* **WHAT YOU SHOULD DO**
Write the data out again exactly, with every picture removed.

* **EXERCISE DATA**
══════════

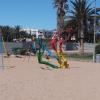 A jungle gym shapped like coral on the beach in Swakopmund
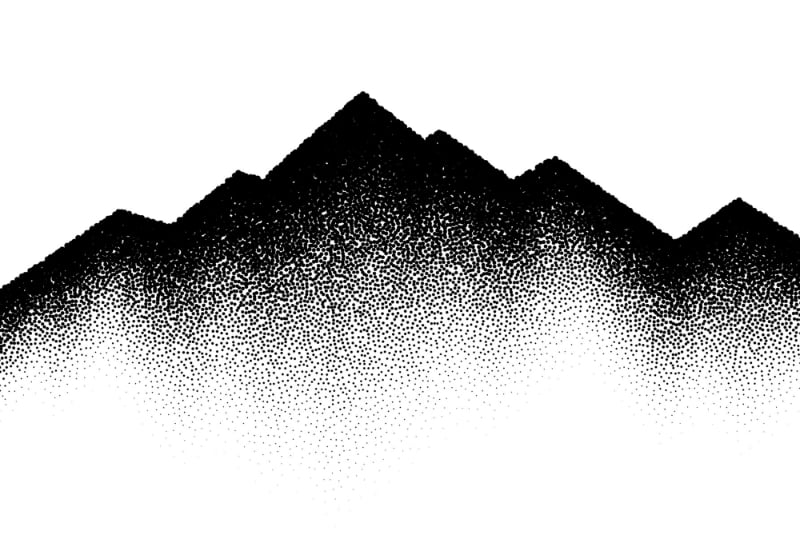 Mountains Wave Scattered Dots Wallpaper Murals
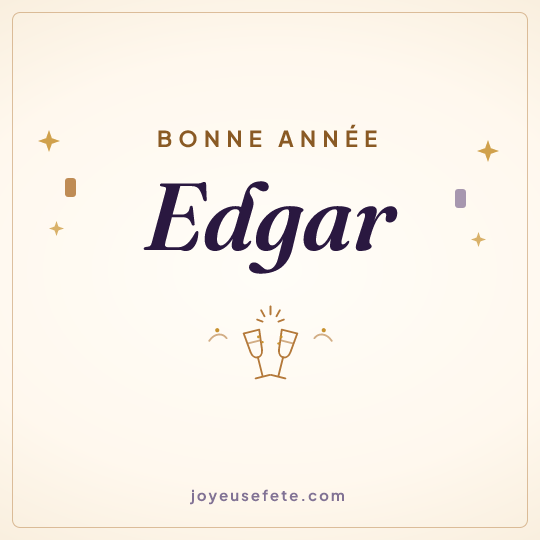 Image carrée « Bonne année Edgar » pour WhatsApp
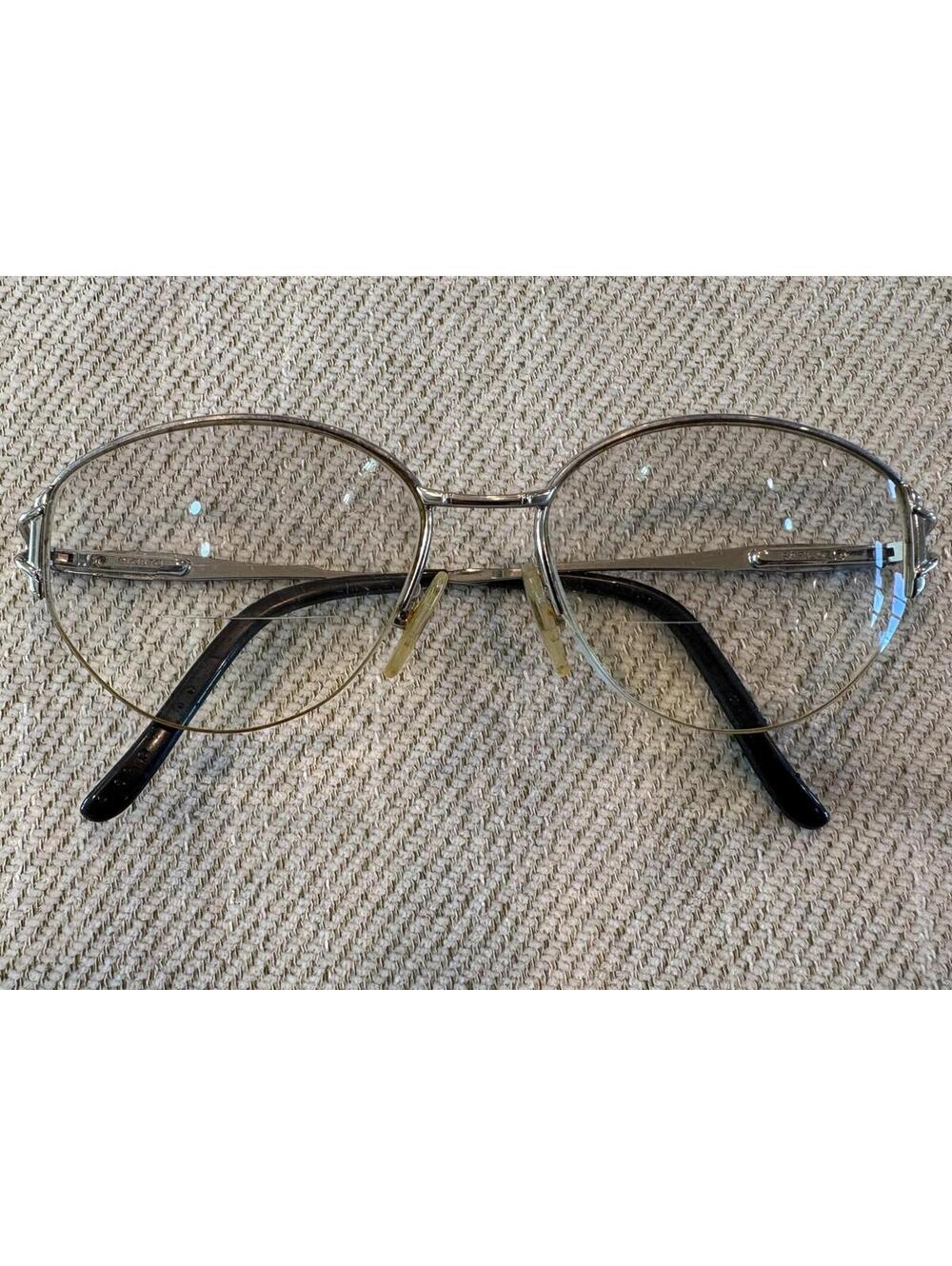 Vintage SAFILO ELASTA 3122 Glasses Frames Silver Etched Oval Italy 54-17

══════════

* **EXERCISE ANSWER**
 A jungle gym shapped like coral on the beach in Swakopmund
 Mountains Wave Scattered Dots Wallpaper Murals
 Image carrée « Bonne année Edgar » pour WhatsApp
 Vintage SAFILO ELASTA 3122 Glasses Frames Silver Etched Oval Italy 54-17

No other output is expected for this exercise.